Most national and cross-cultural studies of drinking in Europe have been of a purely quantitative, epidemiological nature and provide little or no insight into the social contexts and cultural roles of drinking.
The majority of such studies have also been explicitly ‘problem-oriented’ - sometimes to the extent that ‘non-problematic’ countries such as Italy have been deliberately excluded from the samples. This has led to an unbalanced perspective.
Of the very few genuinely ‘sociocultural’ studies, most have involved small-scale ethnographic research in remote regions or unrepresentative sub-cultures, rather than mainstream cultural contexts.
The only up-to-date, sociocultural work focusing on mainstream drinking-cultures in different European societies is Heath’s (1995) International Handbook on Alcohol and Culture. Although by far the most informative source currently available, this is a global survey with only 10-12 pages on each country.

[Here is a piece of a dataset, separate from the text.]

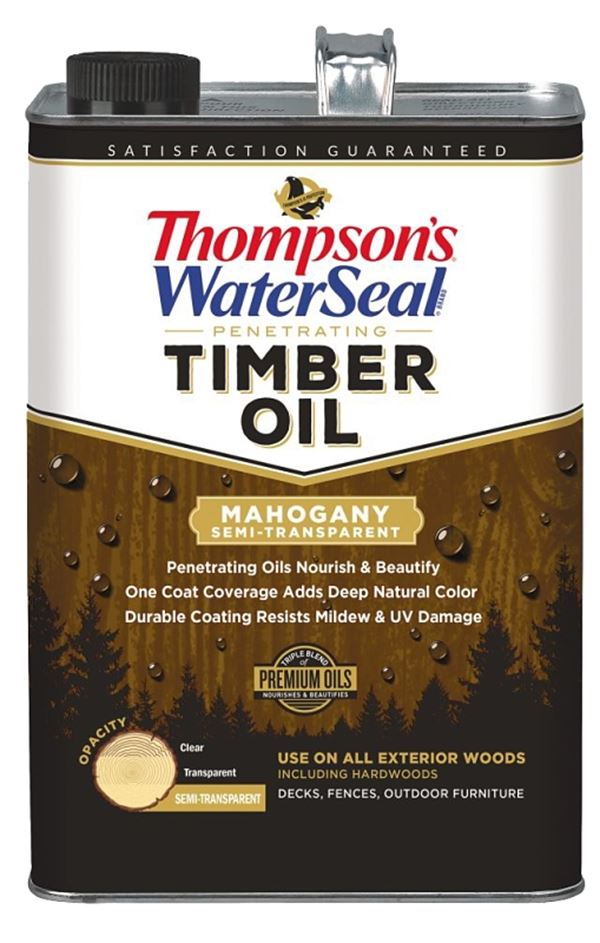 Thompson's WaterSeal TH.048851-16 Penetrating Timber Oil, Mahogany, Liquid, 1 gal, Can, Pack of 4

There is a clear and urgent need for large-scale systematic research on social and cultural aspects of drinking in Europe, and for continious monitoring of shifts and changes in mainstream European drinking-cultures, particularly in terms of the effects of cultural ‘convergence’.
Although written for a mainly European audience, this SIRC report is based on a global literature-review and draws on evidence and examples from a wide range of drinking-cultures around the world. This broader perspective in part reflects the limited relevant research material available on European drinking-cultures, but is also a deliberate attempt to avoid the parochialism which often characterises research on alcohol.